Defectors told investigators that as many as 8,000 prisoners may have been transferred to other camps in North Korea's network of gulags, but there are no suggestions that any inmates were released - implying that they may have succumbed to a harsher than usual prison regime.
"North Korea's 2009 currency devaluation (whereby camp authorities were reportedly unable to purchase food in markets to supplement the crops grown in the camps), combined with bad harvests, resulted in the death of large numbers of prisoners after 2010," the report states.
"If even remotely accurate, this is an atrocity requiring much closer investigation."
The Telegraph said a United Nations commission of inquiry held hearings in Seoul and Tokyo late last month to examine reports of human rights abuses in the North, including the abduction of foreign nationals. Pyongyang insists that it respects the human rights of its citizens and refused to allow members of the commission to visit specified sites.
Roberta Cohen, c o-chairman of HRNK, called for the International Red Cross to be granted access to the camps as soon as possible.
"An accounting of the fate and whereabouts of all of North Korea's political prisoners, including those missing and those who have died in detention, should be of highest priority to the UN commission of inquiry and the entire international community," The Telegraph reported she said.
The organization has said it fears the North Korean regime will attempt to erase evidence of atrocities or eliminate surviving prisoners.
Very few North Koreans have managed to escape from prison camps and to freedom outside the country's borders, but those who have tell of terrible suffering.
The Telegraph said inmates - who can be imprisoned for life for anything considered critical of the regime - are forced to survive by eating frogs, rats and picking corn kernels out of animal waste.
Activists say that as many as 40 percent of inmates die of malnutrition, while others succumb to disease, sexual violence, torture, abuse by the guards or are worked to death.

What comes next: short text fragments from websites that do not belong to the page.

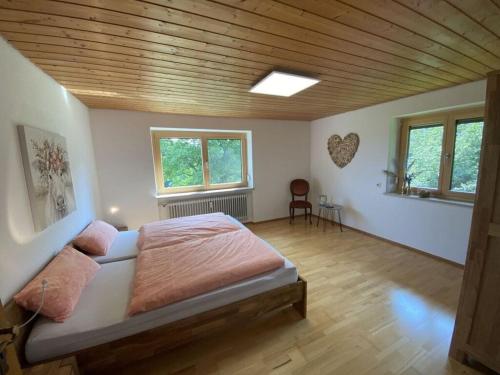 a bedroom with a large bed and two windows at Appealing apartment near lake in Argenbühl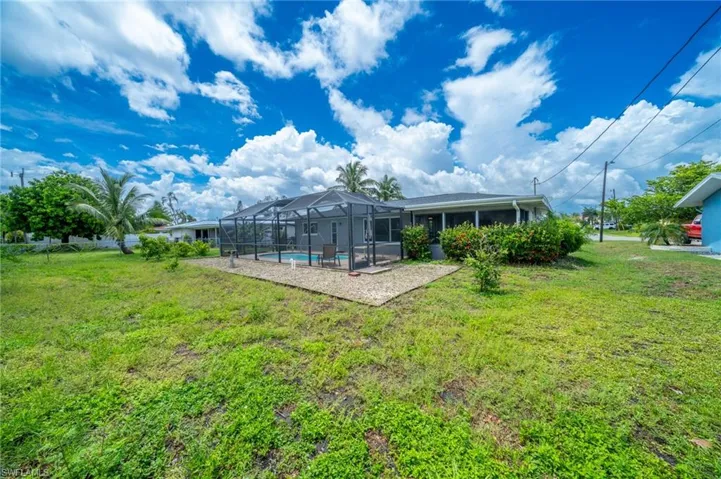 Rear view of house featuring an outdoor pool, a yard, glass enclosure, and a patio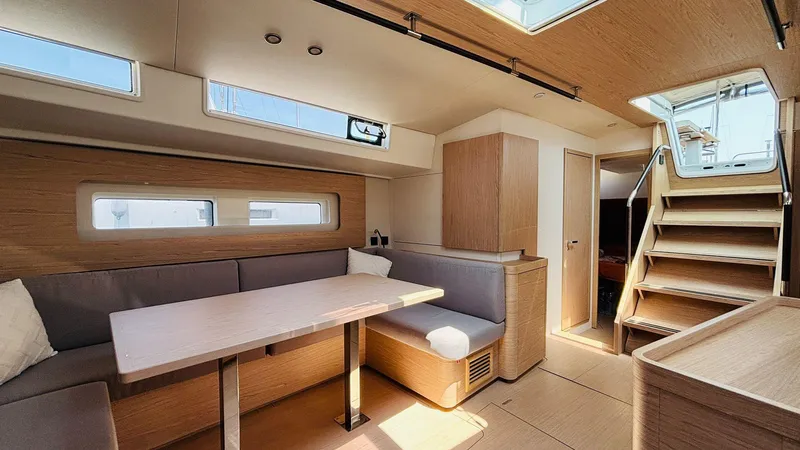  Yacht Photos Pics Luxurious interior of 2024 Beneteau Oceanis Yacht 54 with modern seating and natural light.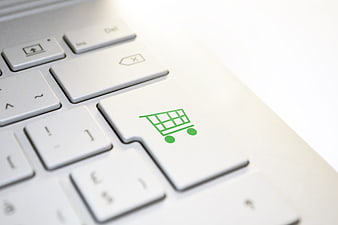 Green Shopping Cart Icon On White Laptop Keyboard Close Up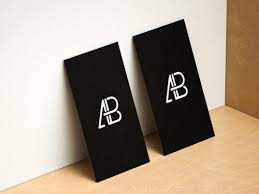 It features a vertical card standing against the wall. Horizontal And Vertical Business Cards Showcase Mockup Mockup World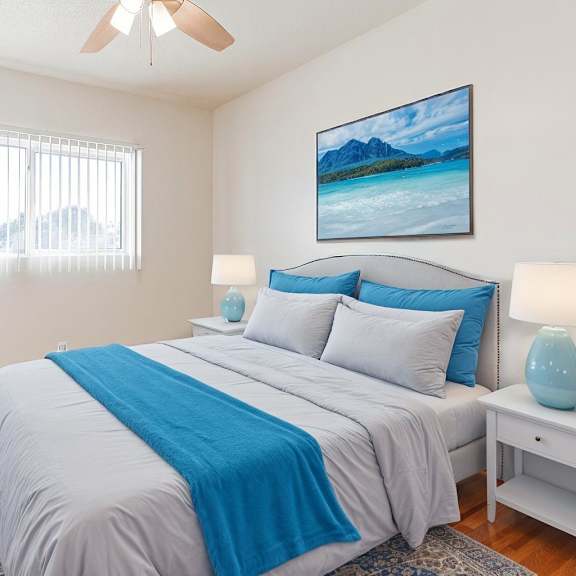 a bedroom with a bed, nightstand, and a painting on the wall.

Men, women and children are required to work for up to 16 hours a day in dangerous conditions, often in mines or logging camps.
Anyone sent to a North Korean labor camp is unlikely to ever leave again, The Telegraph reported analysts say, while a failed attempt to escape brings execution.
A recent report by South Korea's National Human Rights Commission suggests that the majority of inmates were caught attempting to flee the country in search of food or work, instead of being incarcerated for their political beliefs. Others were imprisoned after being overheard praising South Korea.